I was speaking to a friend about long-term relationships. We got onto routine and how it’s supposedly normal for a couple to settle into something that feels comfortable for both of them and it’s fine to just accept this as it is and allow the boredom to creep in.
We all live within the confines of social boundaries and I can’t help thinking that the branding that comes with marriage, child, house, dogs, car, etc. is what drove me to divorce. Did it have less to do with wanting a divorce and more to do with wanting freedom … freedom from this cramped box of conformity that’s wrapped up in the illusion of this family vibe? Lately I’ve been taking a look at families from a different perspective. I see the way people in a couple fold in upon themselves … they buckle to pressures that require them to be something different for their partners and their children and their friends. They give up little pieces of themselves in order to be accepted by the people in their lives who help define them.

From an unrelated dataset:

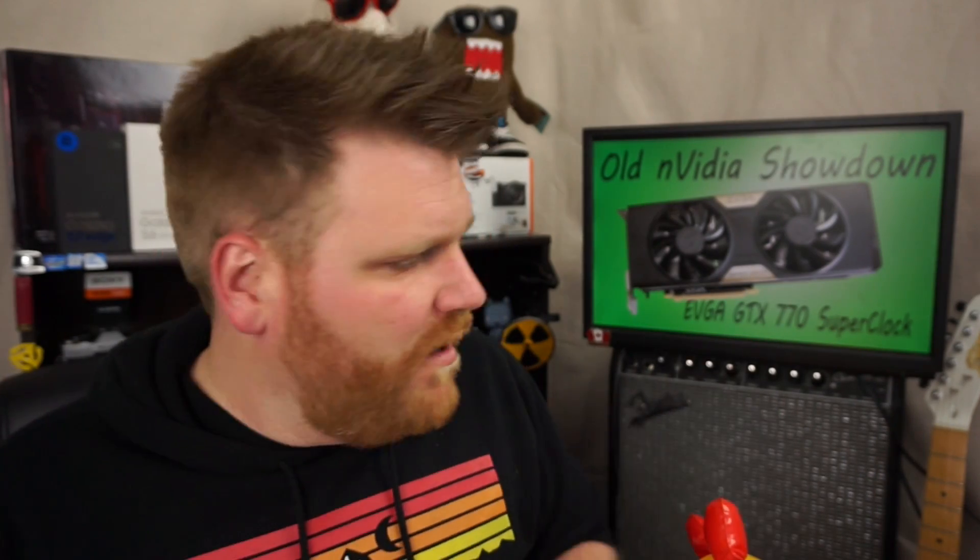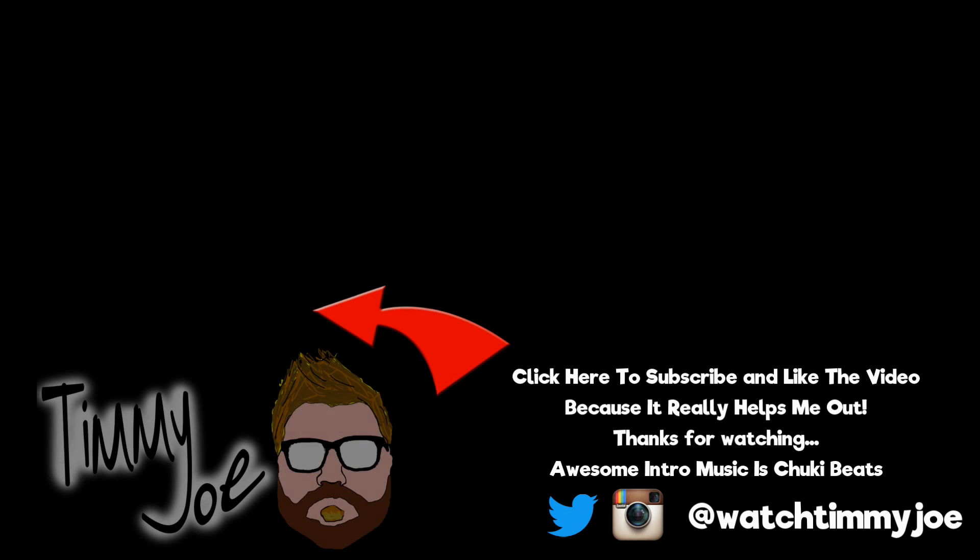I'm Timmy Joe, this is Dino — no more silly games. That was the GTX 770. If you have any questions, comment, rate, subscribe, hit the like button. I've got Amazon affiliate links below. I do enjoy a good joke once in a while, and if you hit the subscribe button, things are great. Watch Timmy Joe on Instagram and Twitter. This is all you'll see from me this week — we'll come back next week because it's a video every weekday in May!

Where I disagreed with my friend was in the breaking of the norms. Sure, couples settle into a routine and sure that is a socially acceptable norm and one that brings so much comfort to so many people. But what if you are the type to doggedly resist that by trying to break the seemingly unbreakable mould of social conformity?

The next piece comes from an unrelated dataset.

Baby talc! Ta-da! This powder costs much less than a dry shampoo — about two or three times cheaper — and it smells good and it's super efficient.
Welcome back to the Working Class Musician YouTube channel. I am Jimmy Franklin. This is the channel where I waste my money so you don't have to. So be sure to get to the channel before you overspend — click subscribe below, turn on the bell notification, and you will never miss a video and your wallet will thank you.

In the same way I backpack (wanting to move as soon as I have settled into a new place), I resist settling as soon as things become too normal. Getting married, having babies, buying houses … these are all milestones people use to settle even deeper into normality and routine, benchmarks around which they measure their movement towards successful human lives.
And then you get people like me. I wrote on my recent travels about not wanting to be defined by the place my roots sink into the ground but rather by the sky my branches are reaching towards. I want to climb mountains, sleep under the stars, swim in the Ganges and never use assets and responsibilities as an excuse to have anything less than an extra-ordinary life. I don’t want to be just another ordinary package holiday; I want to be unchartered territory. And I realise more than anything that I don’t have to be ok for everybody; I just have to be ok for me.